One of the two biggest problems of XCOM: Chimera Squad is a huge amount of bugs. They aren’t critical or anything – wrong animation, an open door needs to be closed and opened again so an agent could pass… An occasional crash. Though the game saves every turn, so you won’t lose much progress. But it’s just really annoying, how many glitches are in a game that uses already well-used engine and assets.

The second problem is interface. It was mostly inherited from previous games but actually shows less information. ‘Context tips’ for some abilities don’t include exact damage, also there is no way to see the exact chance to hit from the spot until you move there. Sometimes enemy health bar doesn’t show up or predicted damage is wrong, though maybe it’s just another bug.

Chimera Squad

And again, as there is a save every turn that’s not a significant issue for casual players. But for those who play with Ironman mode on such lack of information (and ‘unexpected results’ because of that) is critical.

Oh, and equipping agents still require a lot of clicks. Even with the “drop items from unassigned agents into the main pool” button. Maybe most of the XCOM player already used to check agents and active four agents isn’t much, but as Chimera Squad was supposed to be an experiment, some improvement would have been appreciated.

XCOM Lite

And that’s what Chimera Squad is. An experimental spin-off. Was it successful? Partially.

On one hand, the writers made a decent story. Sometimes too cheesy and overall too predictable. But with many deep (and rather cool!) characters. It’s mostly faithful to established XCOM lore and in fact can serve a bridge to XCOM3, if it were to be re-imagining of X-com: Apocalypse.

On the other hand new ‘timeline’ turn-based system feels constraining. It can appeal to casual players and newcomers, but many XCOM fans wouldn’t be happy. Plus, all mentioned problems with the interface and a swarm of technical issues. We can only hope those issues will be addressed, if not by Firaxis itself then by modders community.

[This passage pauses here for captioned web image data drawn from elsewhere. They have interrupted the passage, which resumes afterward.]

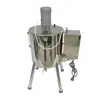 Barril de Mistura Aquecido para Batom de 15L Máquina de Mistura e Enchimento Preenchimento de Cosméticos Batom Esmalte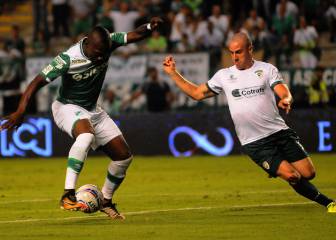 Cali rescata un empate en el último minuto frente a Equidad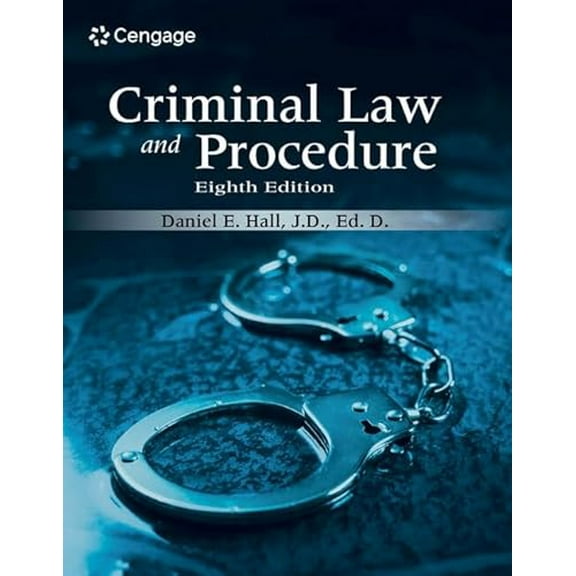 Pre-Owned Criminal Law and Procedure, 9780357619339, 0357619331, Hardcover, 8 edition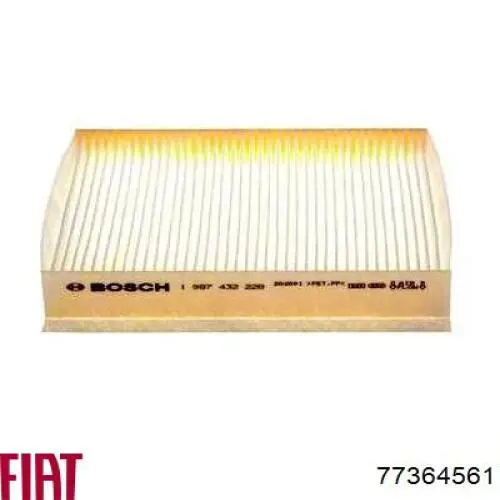Filtro de cabina Fiat/Alfa/Lancia 77364561 precio, desde 10,97 EUR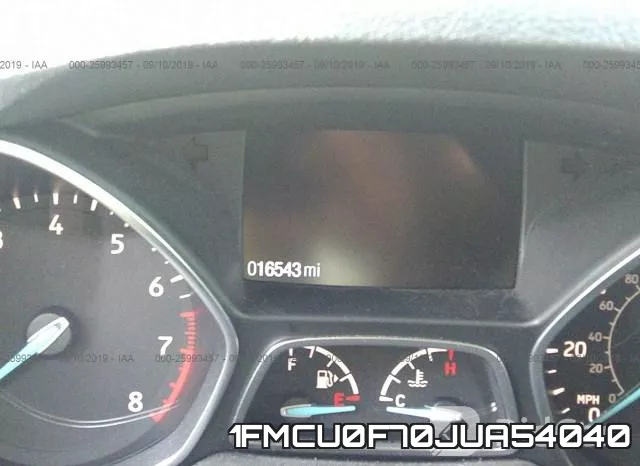 1FMCU0F70JUA54040 фото 8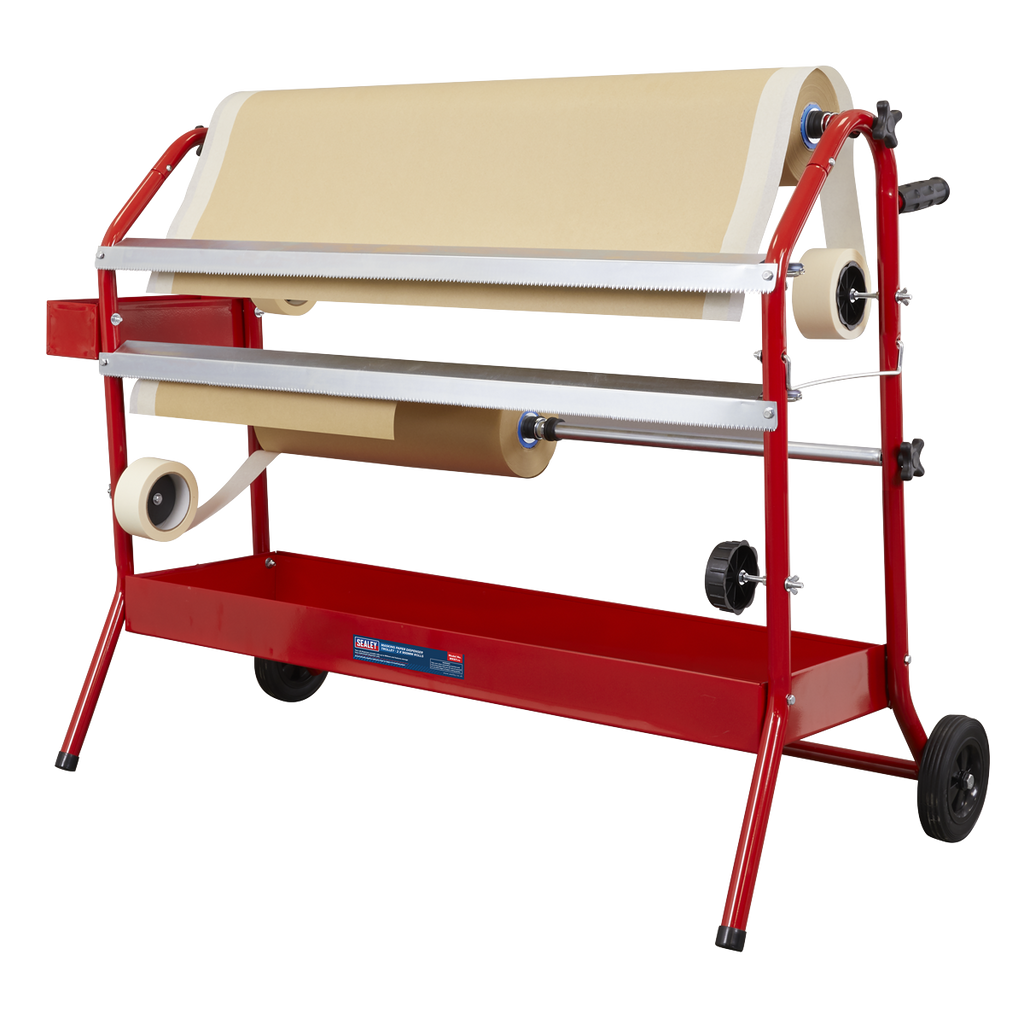 Masking Paper Dispenser Trolley 2 x 900mm Rolls MK67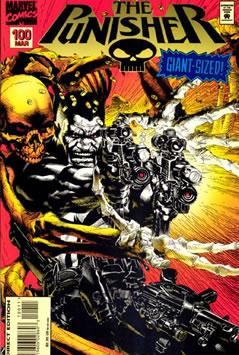 The Punisher (1987) #100 [B Story]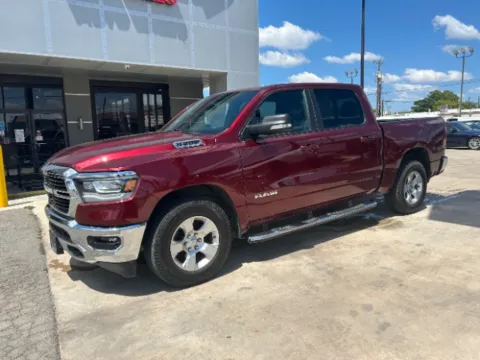 Red 2021 Ram 1500 Lone Star for sale in San Antonio, TX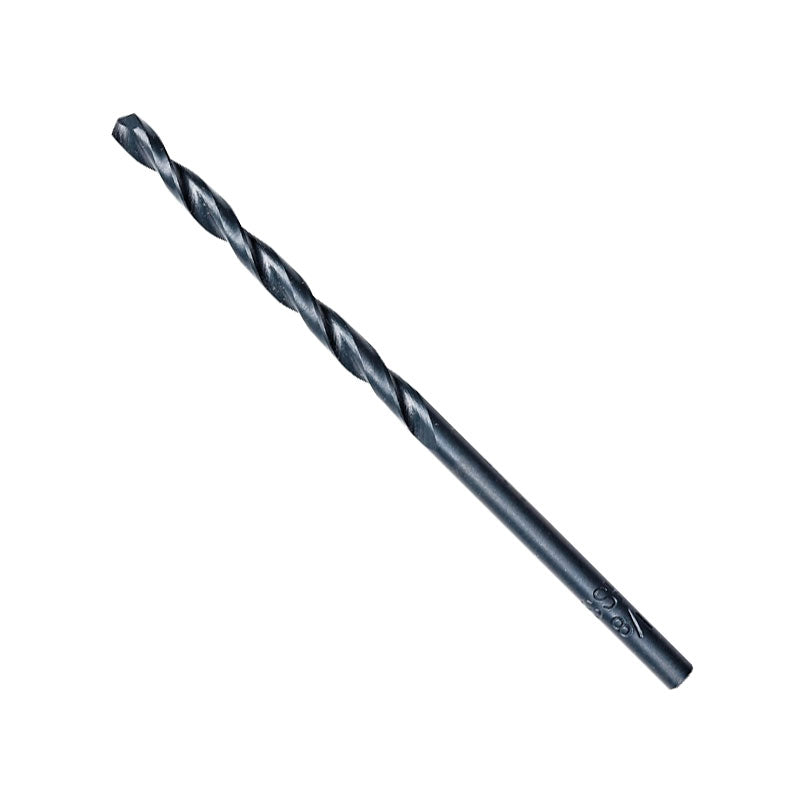 Milwaukee 48-89-2738 Jobber Drill Bit, 1/2 in Dia, 6 in OAL, Parabolic Flute, 3-Flute, 3/8 in Dia Shank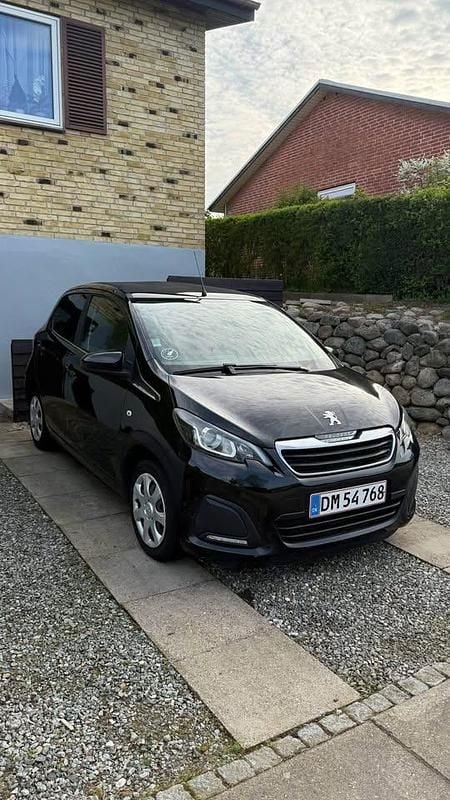 Brugt Peugeot 108 69 HK (50 kW) 2015 Cabriolet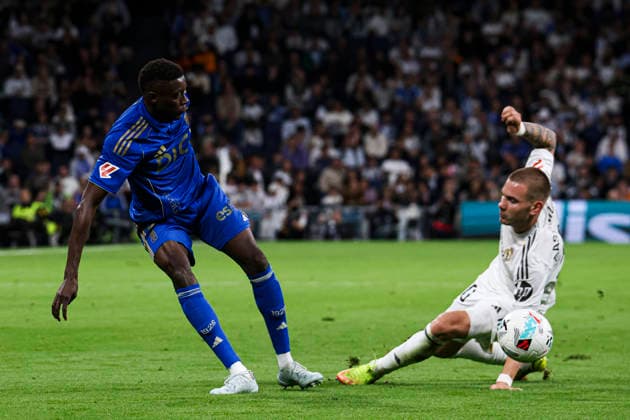 Real Madrid CF vs Real Oviedo, on the 36th matchday of the 2025 26 Spanish First Division May 14, 2026, Madrid, Spain Spanish championship LaLiga football match between Real Madrid CF and Real Oviedo on 14 May 2026 at Estadio Santiago Bernabeu in Madrid, Spain Madrid, Spain Madrid Madrid Madrid Spain Copyright: xAlejandroxMatiasx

The price of Chimera Squad is relatively low. So if you’re just hungry for XCOM-ish experience, it’s definitely worth a try. It lacks content and nuance of XCOM2 and all its addons but still offers a lot more than original XCOM when it was released. And doesn’t stray too far from the main games, unlike Bureau, Interceptor or, Elders forbid, Enforcer.

But if you are not willing to compromise in your expectations, then you probably should wait for XCOM3.